Research: Auto-Learn User Preference Signals

Purpose

Map all existing user data that could be aggregated into an automatic preference profile, without requiring manual input.

Signal Inventory

1. Location.category (FK → Category)

  • Model: adventures/models.py:Category — per-user custom categories (name, display_name, icon)
  • Signal: Top categories by count → dominant interest type (e.g. "hiking", "dining", "cultural")
  • Query: Location.objects.filter(user=user).values('category__name').annotate(cnt=Count('id')).order_by('-cnt')
  • Strength: HIGH — user-created categories are deliberate choices

2. Location.tags (ArrayField)

  • Model: adventures/models.py:Location.tagsArrayField(CharField(max_length=100))
  • Signal: Most frequent tags across all user locations → interest keywords
  • Query: Location.objects.filter(user=user).values_list('tags', flat=True).distinct() (used in tags_view.py)
  • Strength: MEDIUM-HIGH — tags are free-text user input

3. Location.rating (FloatField)

  • Model: adventures/models.py:Location.rating
  • Signal: Average rating + high-rated locations → positive sentiment for place types; filtering for visited + high-rated → strong preferences
  • Query: Location.objects.filter(user=user).aggregate(avg_rating=Avg('rating')) or breakdown by category
  • Strength: HIGH for positive signals (≥4.0); weak if rarely filled in

4. Location.description / Visit.notes (TextField)

  • Model: adventures/models.py:Location.description, Visit.notes
  • Signal: Free-text content for NLP keyword extraction (budget, adventure, luxury, cuisine words)
  • Query: Location.objects.filter(user=user).values_list('description', flat=True)
  • Strength: LOW (requires NLP to extract structured signals; many fields blank)

5. Lodging.type (LODGING_TYPES enum)

  • Model: adventures/models.py:Lodging.type — choices: hotel, hostel, resort, bnb, campground, cabin, apartment, house, villa, motel
  • Signal: Most frequently used lodging type → travel style indicator (e.g. "hostel" → budget; "resort/villa" → luxury; "campground/cabin" → outdoor)
  • Query: Lodging.objects.filter(user=user).values('type').annotate(cnt=Count('id')).order_by('-cnt')
  • Strength: HIGH — directly maps to trip_style field

6. Lodging.rating (FloatField)

  • Signal: Combined with lodging type, identifies preferred accommodation standards
  • Strength: MEDIUM

7. Transportation.type (TRANSPORTATION_TYPES enum)
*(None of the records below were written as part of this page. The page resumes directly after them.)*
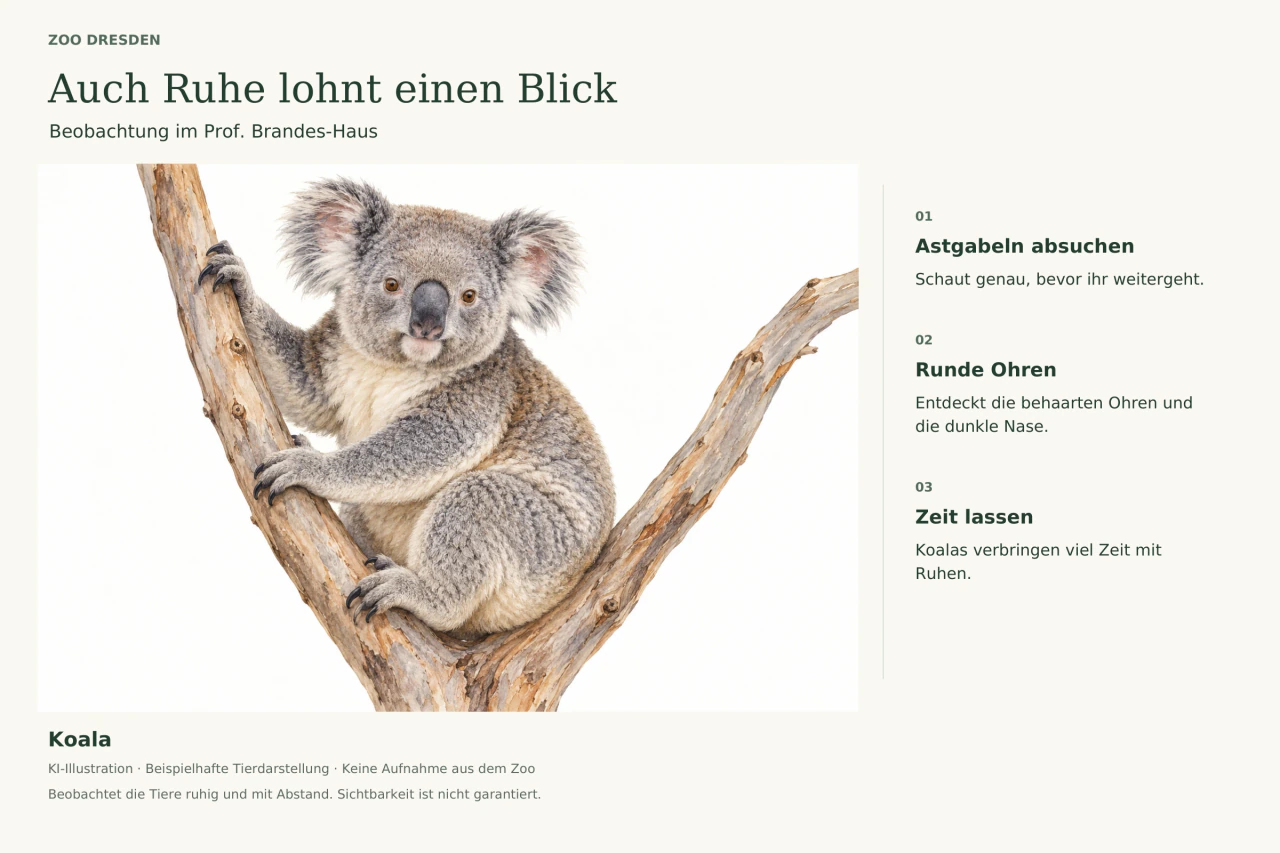 Ein grauer Koala sitzt in einer Astgabel. Daneben stehen Hinweise zum Absuchen der Äste, zu den runden Ohren und zur ruhigen Beobachtung.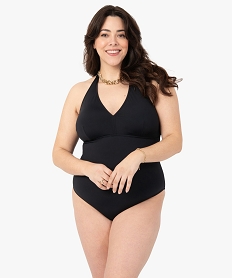 maillot de bain femme grande taille 1 piece a nouer dans le cou noirG071701_1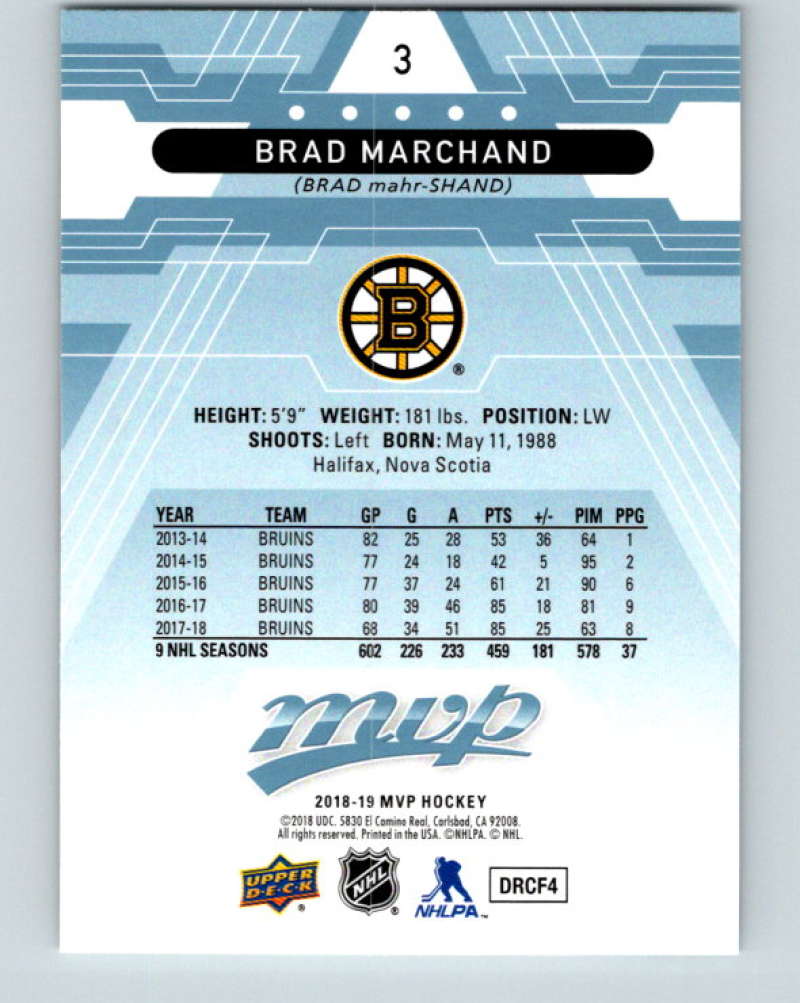 2018-19 Upper Deck MVP #3 Brad Marchand Mint Boston Bruins Image 2
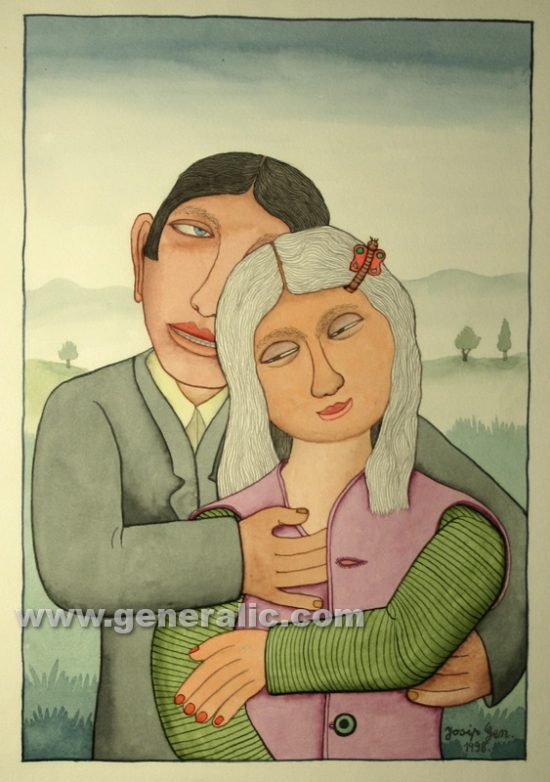 Josip Generalic, Couple in love, watercolour, 1998, 46x32 cm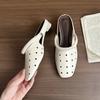Block Heel Baotou Semi-slippers for Women In 2026, New Spring and Summer Wear, Hollow Out and Breathable Two-wear Sandals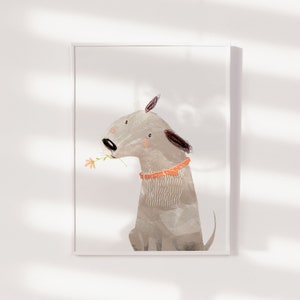 Nursery Wall Art, Animals Nursery Prints, Dog, Puppy, Baby, Girl, Boho Nursery Decor, Boho, Animal Nursery Decor, New Baby Gift, Kids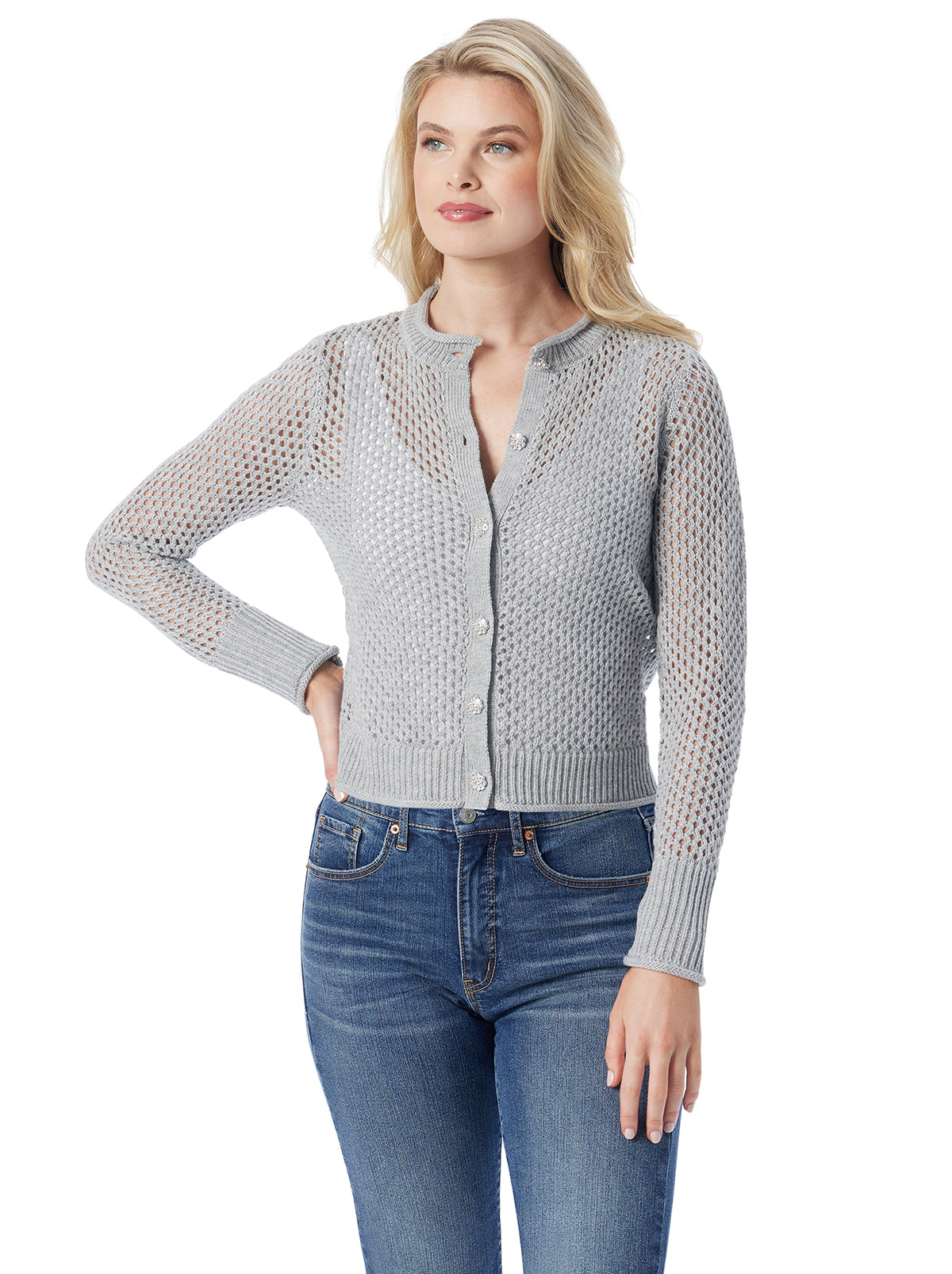 Bianka Cardigan in Metallic Silver - Jessica Simpson Women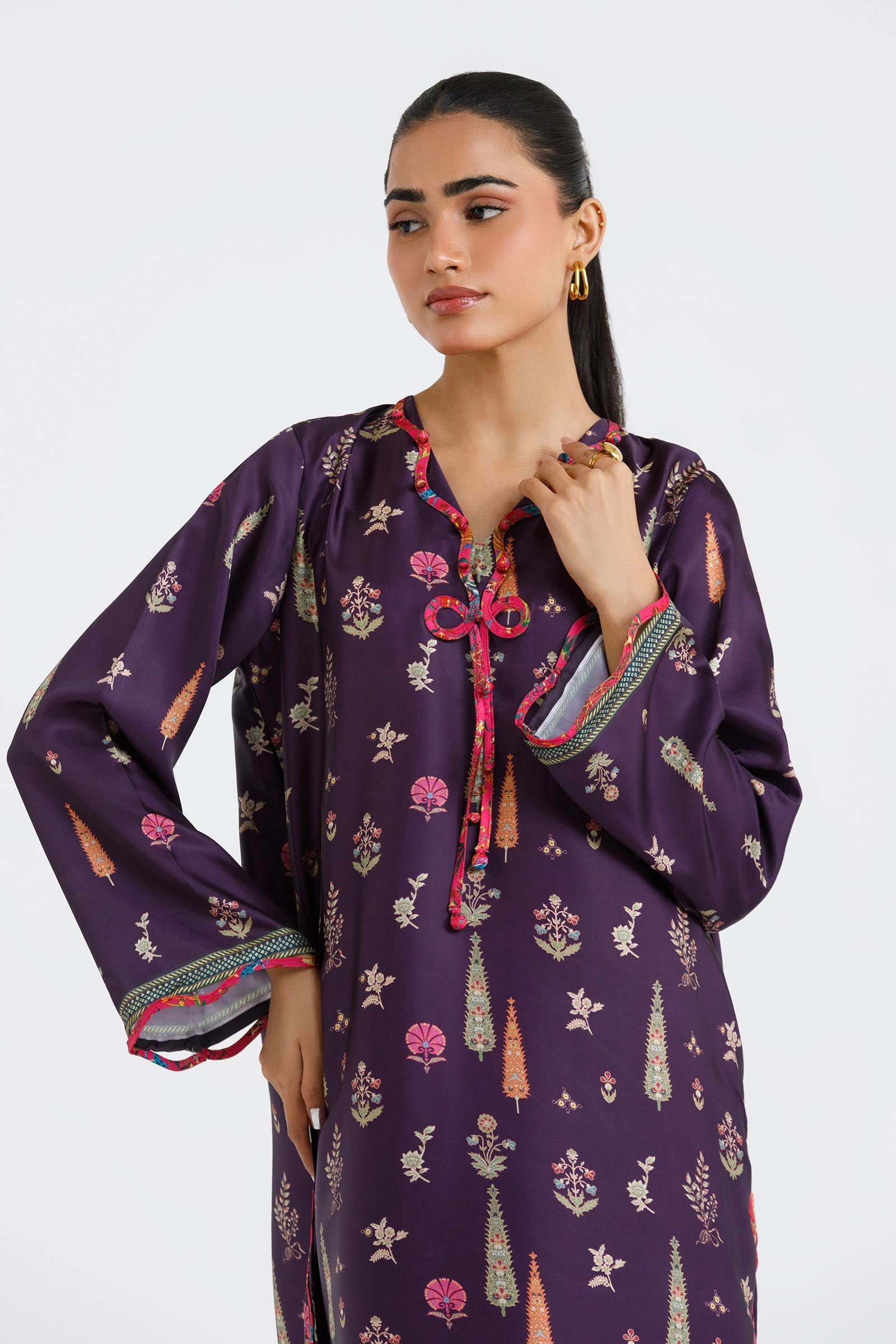 Stitched Printed Satin Shirt+ Culotte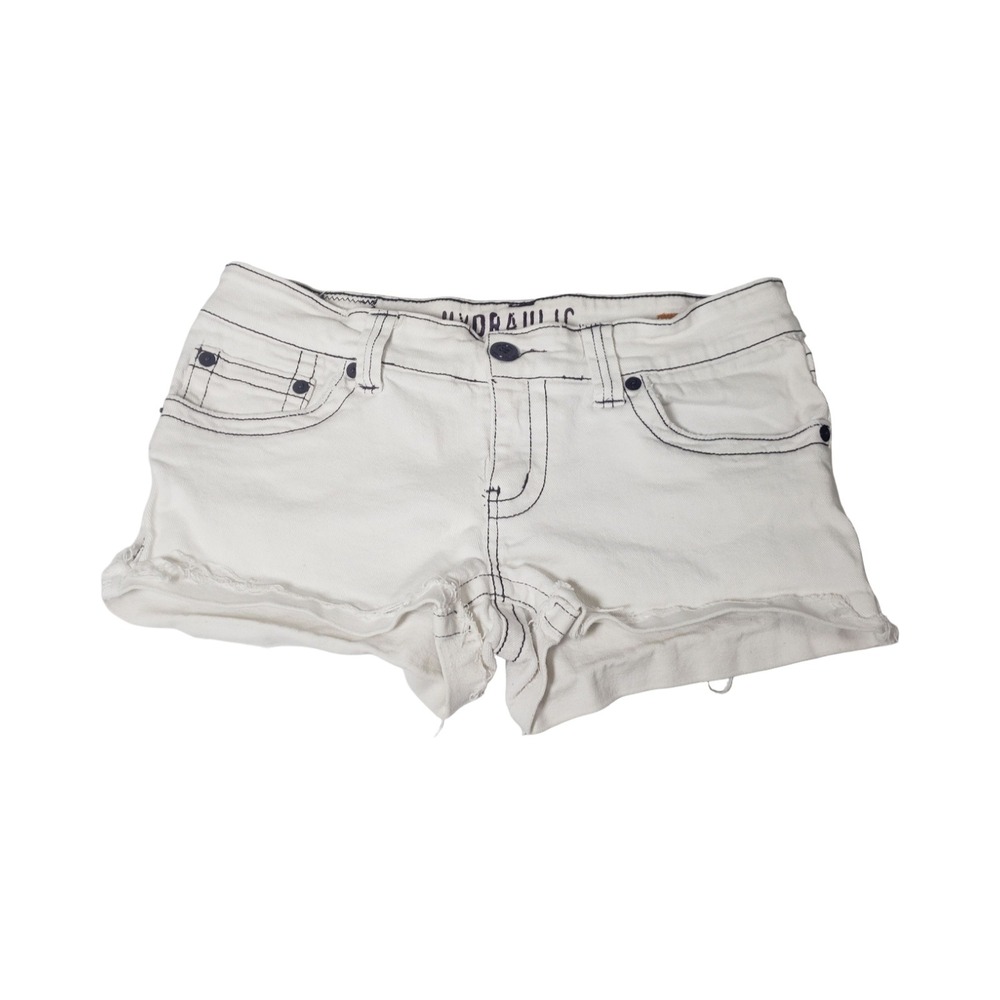 Hydraulic Super Low Metro White Denim Shorts Contrast Stitch Size 13/14 Y2K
  • Model: adventures/models.py:Transportation.type — choices: car, plane, train, bus, boat, bike, walking
  • Signal: Primary transport mode → mobility preference (e.g. mostly walking/bike → slow travel; lots of planes → frequent flyer)
  • Query: Transportation.objects.filter(user=user).values('type').annotate(cnt=Count('id')).order_by('-cnt')
  • Strength: MEDIUM

8. Activity.sport_type (SPORT_TYPE_CHOICES)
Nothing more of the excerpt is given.